[Your objective] Your answer should be the lines from the one with "Pokemon Go Sustainability" to the end of the data below, both included, exact and free of pictures.

=== Provided information ===

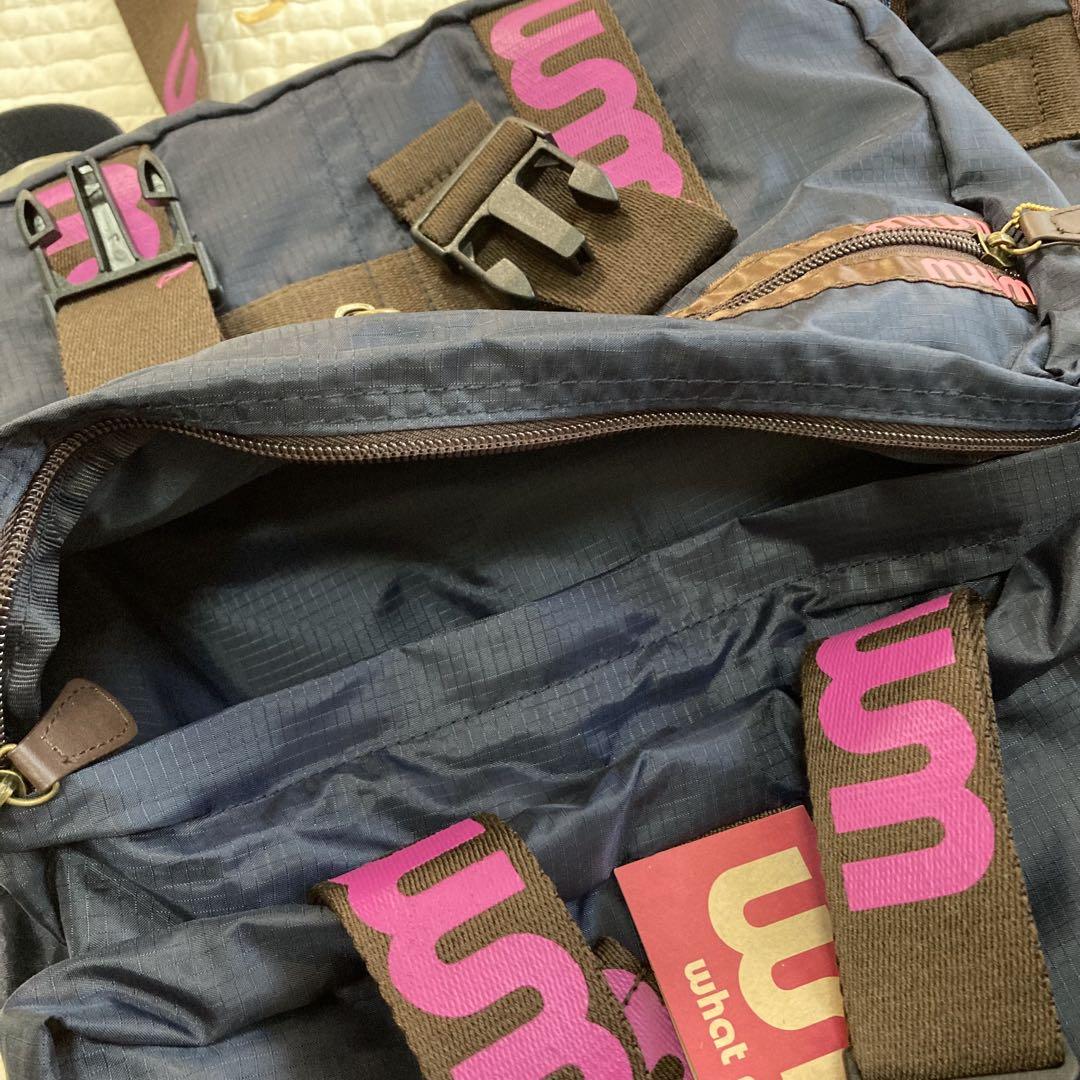 wmmw backpack [navy×pink logo] e-bag & Dori-ka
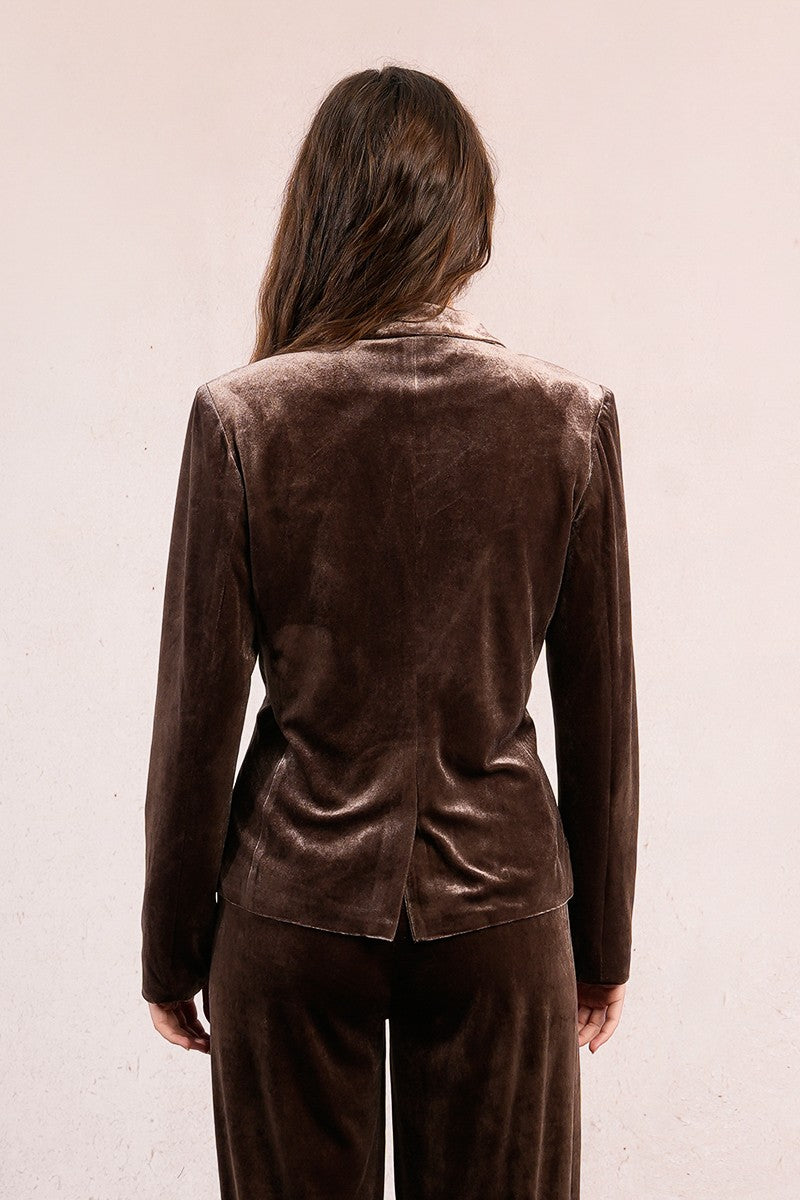 MOLLY BRACKEN - giacca blazer velluto - BROWN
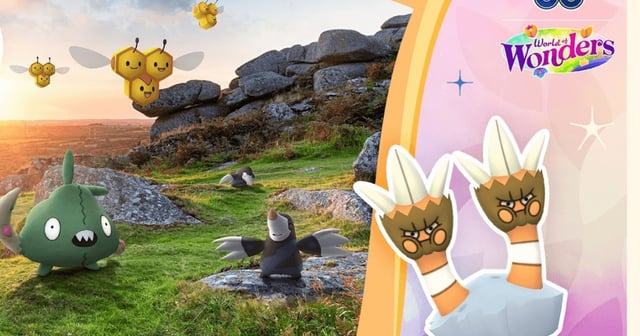 Pokemon Go Sustainability Week 2024 poster showing a range of Pokemon out in a rocky environment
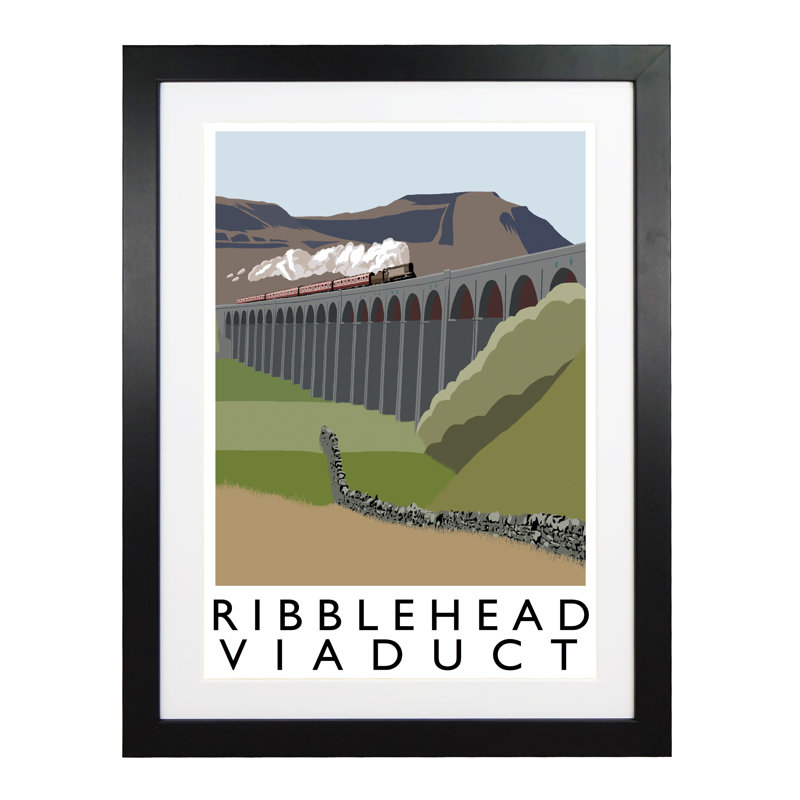 'Ribblehead Viaduct' by Richard O'Neil - Print, Black Wood Frame, 43.5 cm H x 33.5 cm W x 2.2 cm D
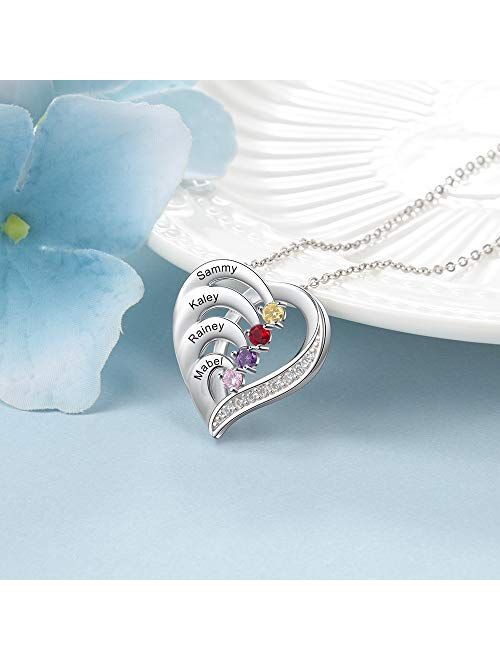 Personalized Grandma Pendant Necklace With 4 Simulated Birthstones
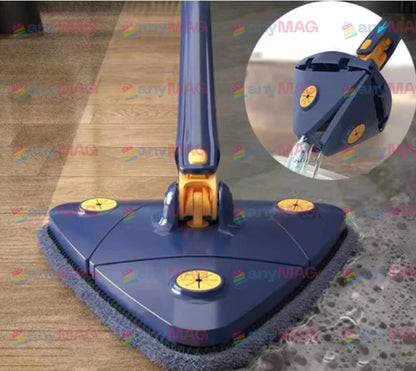 Mop profesional cu storcător - Lavetă din microfibră, Albastru, 130 cm, Non-toxic, Interior/Exterior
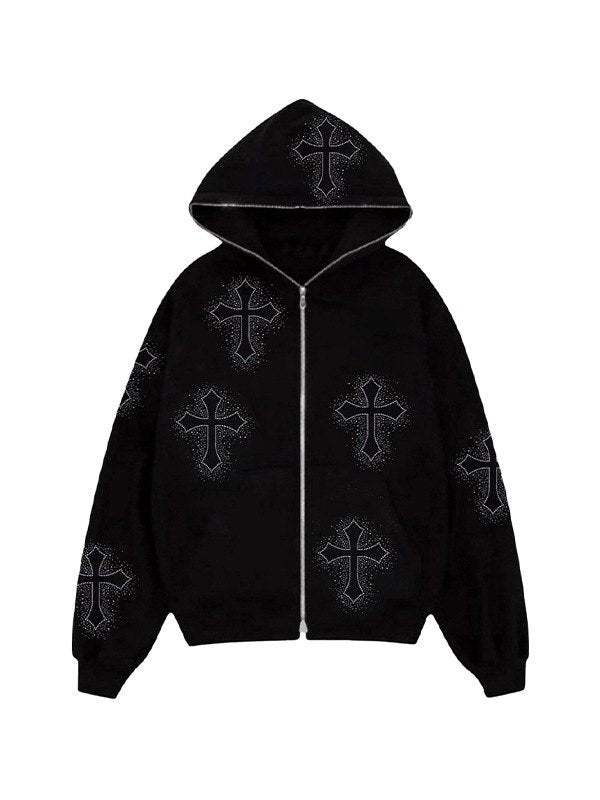 Zip Up Hoodie mit Rhinestone Kreuzmuster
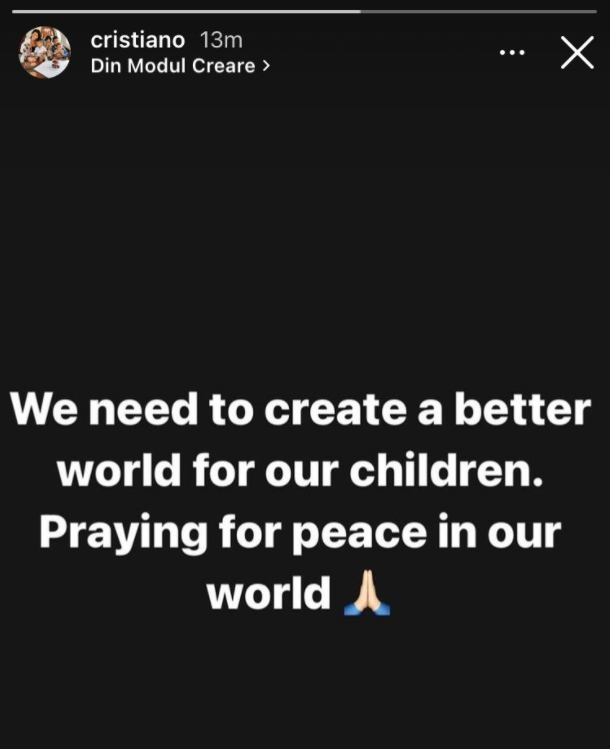 Mesajul transmis de Cristiano Ronaldo prin intermediul Instagram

===

[Your response]
 Pokemon Go Sustainability Week 2024 poster showing a range of Pokemon out in a rocky environment
 'Ribblehead Viaduct' by Richard O'Neil - Print, Black Wood Frame, 43.5 cm H x 33.5 cm W x 2.2 cm D
 Personalized Grandma Pendant Necklace With 4 Simulated Birthstones
 Mop profesional cu storcător - Lavetă din microfibră, Albastru, 130 cm, Non-toxic, Interior/Exterior
 Zip Up Hoodie mit Rhinestone Kreuzmuster
 Mesajul transmis de Cristiano Ronaldo prin intermediul Instagram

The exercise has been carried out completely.